Harry Boam

Personal information
- Full name: Harry Kenneth Perrott Boam
- Born: 15 October 1990 (age 35) Birmingham, England
- Batting: Right-handed
- Bowling: Right-arm medium
- Role: All-rounder

Domestic team information
- 2008/09–2012/13: Wellington

Career statistics
| Competition | FC | LA | T20 |
| Matches | 27 | 30 | 27 |
| Runs scored | 1,170 | 732 | 123 |
| Batting average | 35.45 | 38.52 | 15.37 |
| 100s/50s | 2/5 | 0/3 | 0/0 |
| Top score | 102 | 98* | 47 |
| Balls bowled | 2,545 | 822 | 162 |
| Wickets | 33 | 16 | 7 |
| Bowling average | 36.69 | 49.62 | 33.57 |
| 5 wickets in innings | 1 | 0 | 0 |
| 10 wickets in match | 0 | 0 | 0 |
| Best bowling | 6/51 | 2/26 | 2/16 |
| Catches/stumpings | 20/– | 28/– | 11/– |
- Source: CricketArchive, 5 October 2024

= Harry Boam =

New Zealand cricketer (born 1990)

Harry Kenneth Perrott Boam (born 15 October 1990) is a New Zealand former cricketer.

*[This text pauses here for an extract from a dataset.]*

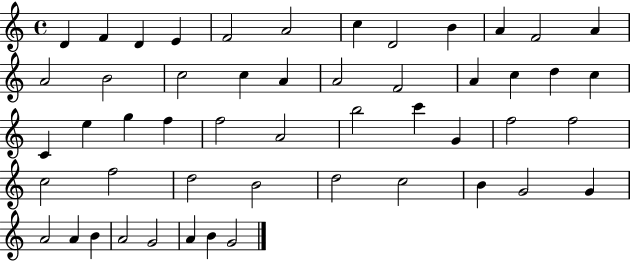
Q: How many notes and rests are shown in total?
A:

He was the first schoolboy to play representative top-level cricket for Wellington. He represented New Zealand at the Under 19 Cricket World Cup in Malaysia and on the team's tour of England in 2008. Captain of the Wellington College 1st XI team he was award of Wellington Sport's Sportsman of the Year award for 2008.